Department of Ophthalmology, Guangdong Academy of Medical Sciences, Guangdong Provincial People's Hospital, Guangzhou, China.
Ophthalmology, Centre for Eye Research Australia, University of Melbourne, Melbourne, Australia.
Age Ageing. 2022 Mar 1;51(3). doi: 10.1093/ageing/afac062.
retinal age derived from fundus images using deep learning has been verified as a novel biomarker of ageing. We aim to investigate the association between retinal age gap (retinal age-chronological age) and incident Parkinson's disease (PD).
a deep learning (DL) model trained on 19,200 fundus images of 11,052 chronic disease-free participants was used to predict retinal age. Retinal age gap was generated by the trained DL model for the remaining 35,834 participants free of PD at the baseline assessment. Cox proportional hazards regression models were utilised to investigate the association between retinal age gap and incident PD. Multivariable logistic model was applied for prediction of 5-year PD risk and area under the receiver operator characteristic curves (AUC) was used to estimate the predictive value.
a total of 35,834 participants (56.7 ± 8.04 years, 55.7% female) free of PD at baseline were included in the present analysis. After adjustment of confounding factors, 1-year increase in retinal age gap was associated with a 10% increase in risk of PD (hazard ratio [HR] = 1.10, 95% confidence interval [CI]: 1.01-1.20, P = 0.023). Compared with the lowest quartile of the retinal age gap, the risk of PD was significantly increased in the third and fourth quartiles (HR = 2.66, 95% CI: 1.13-6.22, P = 0.024; HR = 4.86, 95% CI: 1.59-14.8, P = 0.005, respectively). The predictive value of retinal age and established risk factors for 5-year PD risk were comparable (AUC = 0.708 and 0.717, P = 0.821).
retinal age gap demonstrated a potential for identifying individuals at a high risk of developing future PD.
使用深度学习从眼底图像中得出的视网膜年龄已被验证为一种新的衰老生物标志物。我们旨在研究视网膜年龄差距(视网膜年龄-实际年龄)与帕金森病(PD)发病之间的关联。

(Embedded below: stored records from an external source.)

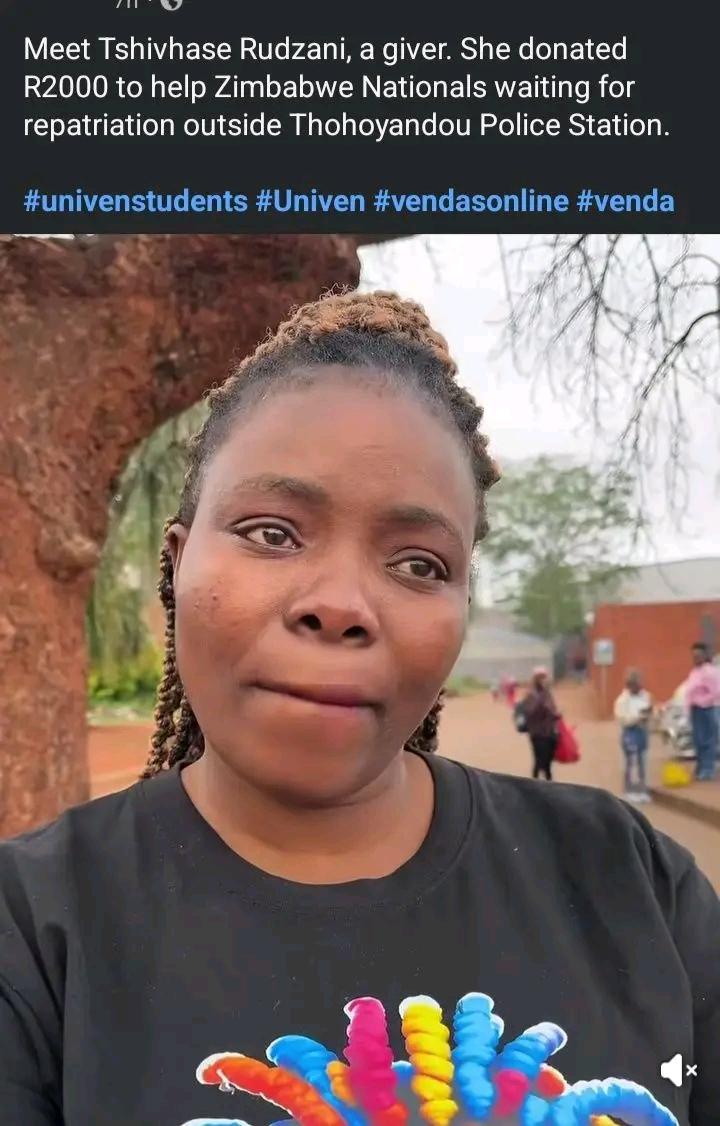 thomstuartt's tweet photo. This is a face of hope, love, peace and humanity. May she continue to get more blessings? Darkness has never overcome light. Thank you Rudzani for your warm heart. @daddyhope https://t.co/zijicdL9cZ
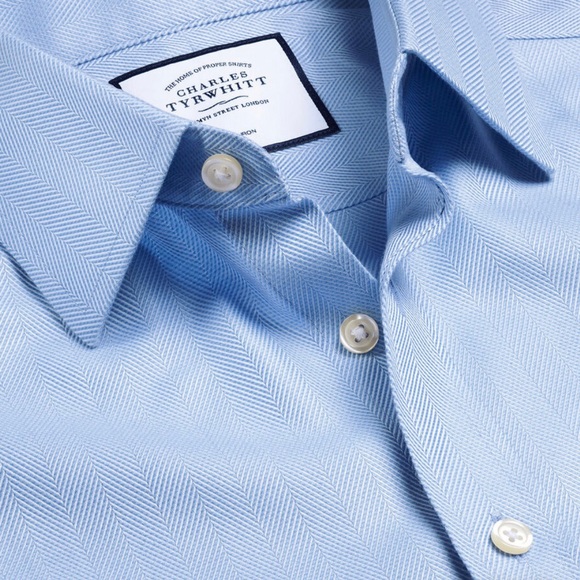 Charles Tyrwhitt Non-Iron Herringbone Cotton Button up Sky Blue Shirt - Picture 1 of 12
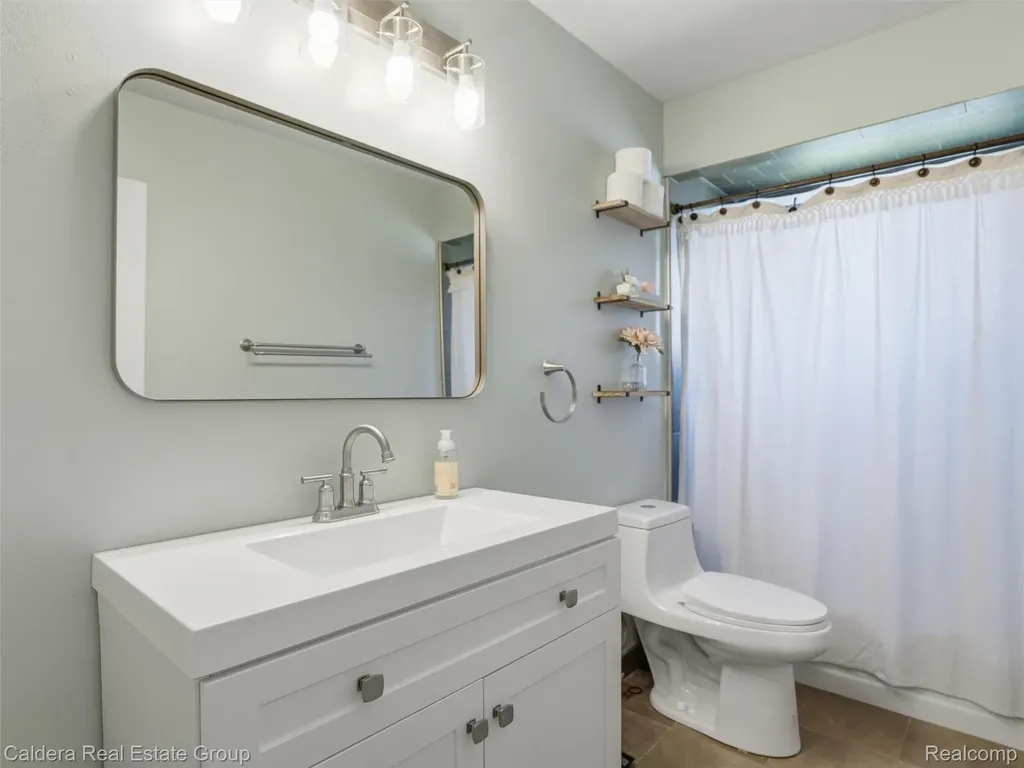 46270 Hollowoode Lane Macomb Township MI 48044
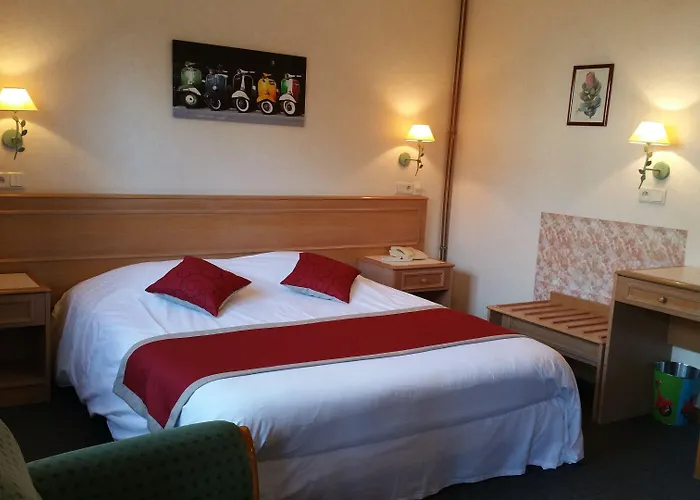 Logis - Restaurant La Sapinière Wisques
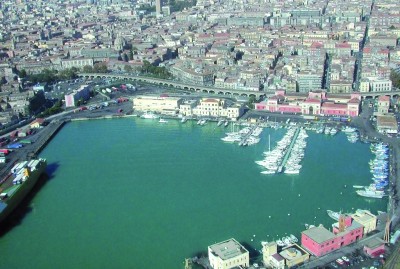 Una veduta del Porto di Catania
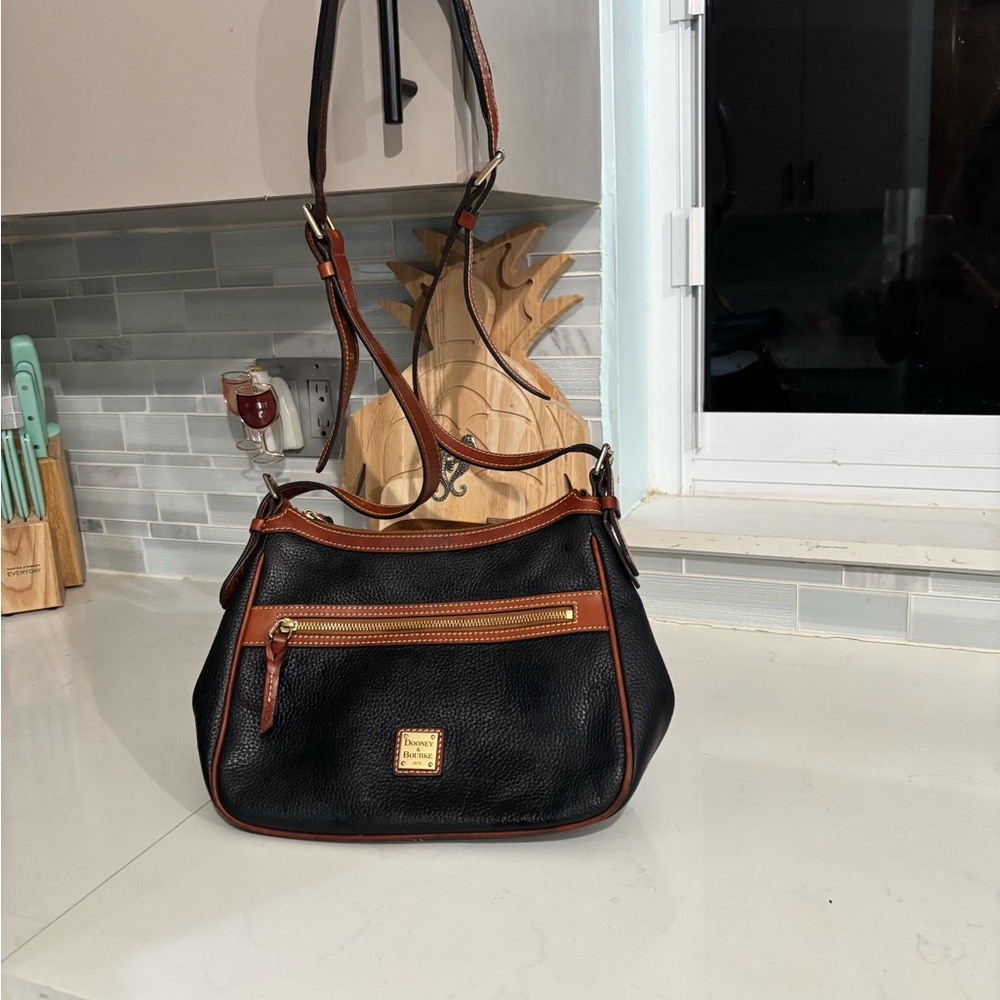 Dooney & Bourke Black and Tan Shoulder Bag / crossbody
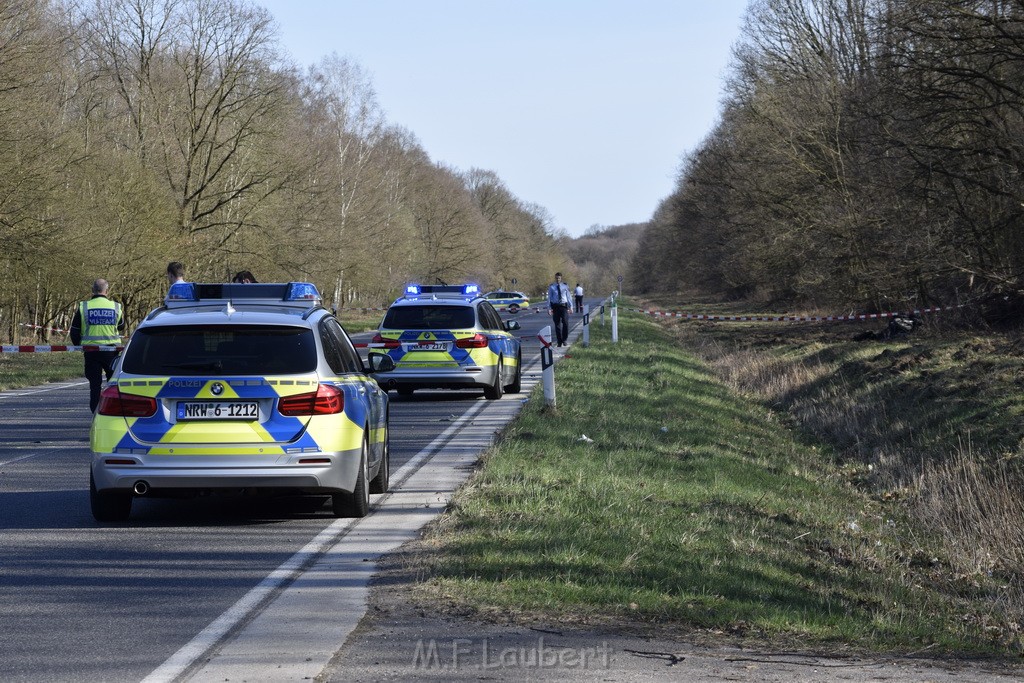 Schwerer VU Krad Fahrrad Koeln Porz Alte Koelnerstr P152.JPG - Miklos Laubert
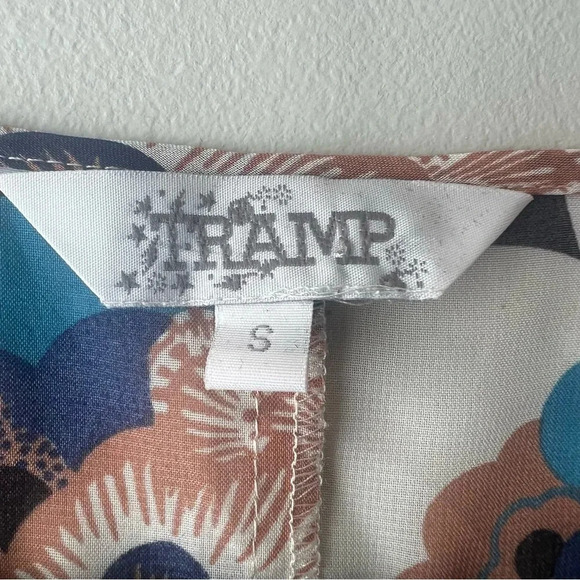 TRAMP sheer floral kimono style blouse butterfly sleeves waist tie size small - Picture 6 of 8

使用在 11052 名无慢性疾病的参与者的 19200 张眼底图像上训练的深度学习(DL)模型来预测视网膜年龄。对于基线评估时无 PD 的其余 35834 名参与者,使用经过训练的 DL 模型生成视网膜年龄差距。利用 Cox 比例风险回归模型研究视网膜年龄差距与 PD 发病之间的关系。应用多变量逻辑模型预测 5 年 PD 风险,并使用接收者操作特征曲线下面积(AUC)来评估预测价值。
本研究共纳入 35834 名无 PD 的基线参与者(56.7±8.04 岁,55.7%为女性)。在调整混杂因素后,视网膜年龄差距增加 1 年,PD 发病风险增加 10%(风险比[HR]=1.10,95%置信区间[CI]:1.01-1.20,P=0.023)。与视网膜年龄差距最低四分位相比,第三和第四四分位的 PD 发病风险显著增加(HR=2.66,95% CI:1.13-6.22,P=0.024;HR=4.86,95% CI:1.59-14.8,P=0.005)。视网膜年龄和既定 PD 风险因素对 5 年 PD 风险的预测价值相当(AUC=0.708 和 0.717,P=0.821)。
视网膜年龄差距显示出识别未来 PD 高危个体的潜力。